Source code for build_tools.pyphen_syllable_extractor.models

"""
Data models for syllable extraction results.

This module defines the data structures used to represent extraction results
and their associated metadata.
"""

from dataclasses import dataclass, field
from datetime import datetime
from pathlib import Path
from typing import Dict, List, Optional, Set



[docs]
@dataclass
class ExtractionResult:
    """
    Container for syllable extraction results and associated metadata.

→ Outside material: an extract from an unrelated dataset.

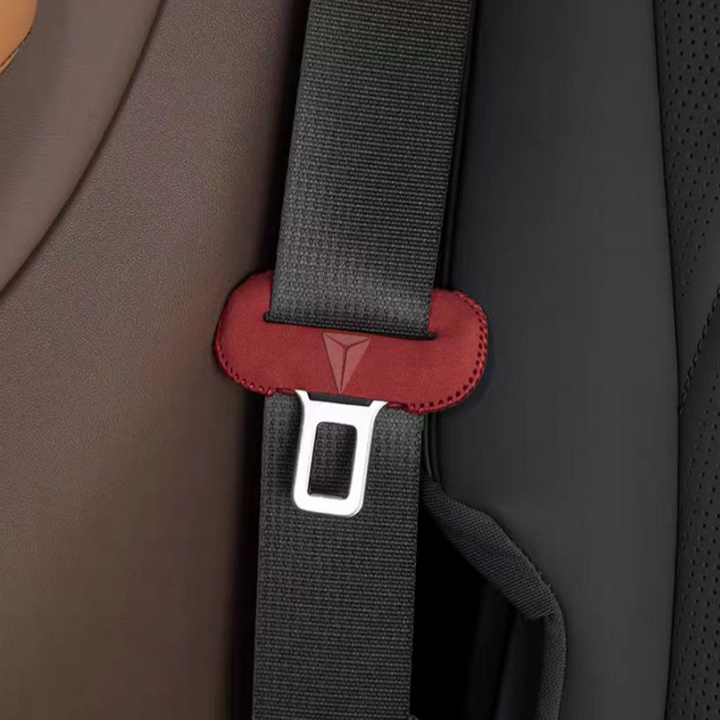 Suede Seatbelt Buckle Protector for Deepal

    This dataclass stores both the extracted syllables and all relevant
    metadata about the extraction process for reporting and persistence.

    Attributes:
        syllables: Set of unique syllables extracted from the input text
        language_code: Pyphen language/locale code used for hyphenation
        min_syllable_length: Minimum syllable length constraint
        max_syllable_length: Maximum syllable length constraint
        input_path: Path to the input text file
        timestamp: When the extraction was performed
        only_hyphenated: Whether whole words were excluded
        length_distribution: Map of syllable length to count
        sample_syllables: Representative sample of extracted syllables
        total_words: Total words found in source text
        skipped_unhyphenated: Words skipped because they couldn't be hyphenated
        rejected_syllables: Syllables rejected due to length constraints
        processed_words: Words that were successfully processed
    """

    syllables: Set[str]
    language_code: str
    min_syllable_length: int
    max_syllable_length: int
    input_path: Path
    timestamp: datetime = field(default_factory=datetime.now)
    only_hyphenated: bool = True
    length_distribution: Dict[int, int] = field(default_factory=dict)
    sample_syllables: List[str] = field(default_factory=list)
    total_words: int = 0
    skipped_unhyphenated: int = 0
    rejected_syllables: int = 0
    processed_words: int = 0


[docs]
    def __post_init__(self):
        """Calculate derived fields after initialization."""
        # Calculate length distribution
        for syllable in self.syllables:
            length = len(syllable)
            self.length_distribution[length] = self.length_distribution.get(length, 0) + 1

        # Generate sample syllables (first 15, sorted)
        sample_size = min(15, len(self.syllables))
        self.sample_syllables = sorted(self.syllables)[:sample_size]



[docs]
    def format_metadata(self) -> str:
        """
        Format extraction metadata as a human-readable string.

        Returns:
            Multi-line string containing all extraction metadata formatted
            for display or file output.
        """
        lines = []
        lines.append("=" * 70)
        lines.append("SYLLABLE EXTRACTION METADATA")
        lines.append("=" * 70)
        lines.append(f"Extraction Date:    {self.timestamp.strftime('%Y-%m-%d %H:%M:%S')}")
        lines.append(f"Language Code:      {self.language_code}")
        lines.append(
            f"Syllable Length:    {self.min_syllable_length}-{self.max_syllable_length} characters"
        )
        lines.append(f"Input File:         {self.input_path}")
        lines.append(f"Unique Syllables:   {len(self.syllables)}")
        lines.append(f"Only Hyphenated:    {'Yes' if self.only_hyphenated else 'No'}")
        lines.append("=" * 70)

        # Processing statistics
        lines.append("\nProcessing Statistics:")
        lines.append(f"  Total Words:        {self.total_words:,}")
        lines.append(f"  Processed Words:    {self.processed_words:,}")
        lines.append(f"  Skipped (unhyph):   {self.skipped_unhyphenated:,}")
        lines.append(f"  Rejected Syllables: {self.rejected_syllables:,}")
        if self.total_words > 0:
            processed_pct = (self.processed_words / self.total_words) * 100
            skipped_pct = (self.skipped_unhyphenated / self.total_words) * 100
            lines.append(f"  Process Rate:       {processed_pct:.1f}%")
            lines.append(f"  Skip Rate:          {skipped_pct:.1f}%")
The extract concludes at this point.